Well, today I did! I had the option to do this swim right after the lesson, but wanted to keep them separate so I didn't cut the 4.5K short by adding in the lesson yardage. So all day long I was looking and planning ahead to this swim. I worked on the loco layout above over brekkie and lunch, rewriting it 2-3 times before settling on what I ended up doing.
A few tricks worked in -- like putting the kick on each side of the 500's to give me some rest, and leaving the last 500 as easy breezy small intervals that would be too hard to put aside. If I'd had stopped at the last 200, I'd still have a 4.5K for today working under the assumption that this morning's lesson had at least 500y in it.

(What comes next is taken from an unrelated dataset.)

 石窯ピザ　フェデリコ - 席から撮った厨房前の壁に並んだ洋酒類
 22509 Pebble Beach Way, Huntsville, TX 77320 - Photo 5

I took a gel right before the swim, I usually don't do that. And had another gel for the halfway point in the 500's. I admit to having a little of that second gel, a salted caramel, before I even started ;)
I mentally broke the swim into 3 parts: a 1500 WU, a 1500 main set, and a 1500 CD. Once I realized that's all I had to do, it seemed less of a challenge. The first 1500 flew by. The set of 3 500's did too, but it was in those 500's that my attention started to wane. Yay for salted caramel!
My lane was mostly empty until the halfway point when I woman joined me, asking if I could share because the guy next to me wouldn't. Serious? Or a joke? I looked at him and realized I might know him! Sure, whatever, share, I'm not getting involved in this. She took his lane when he was done, but she was replaced by an older guy who had a disaster of a swim. (Finally I was faster than someone in the pool this afternoon!). The woman asked me at one point if I'd been clobbered yet, no, "he's a really nice guy, but he swims the middle of the lane." Not yet, but again I didn't want to get involved. But sure enough, I got mildly clobbered shortly thereafter -- OUCH! Then a 3rd swimmer joined the lane, no asking or anything. Thankfully by this point I was in the 90th lap --DONE!!
My "continuous" swimming form felt great, the muscles might complain tomorrow but they'll be resting on the aerobars, no complaining if you're not working! Unlike the 5-1-5-0 swim I did for Michigan, I didn't fall apart in this round. No cramps, no mental cheerleading, no lack of motivation at the end. I did it! Next up a real 5K! Next weekend maybe.
DrND swim lesson, a breakthrough?
SWIM 1hr lesson, maybe 500-600 yards? More? Probably more on the order of 700-800.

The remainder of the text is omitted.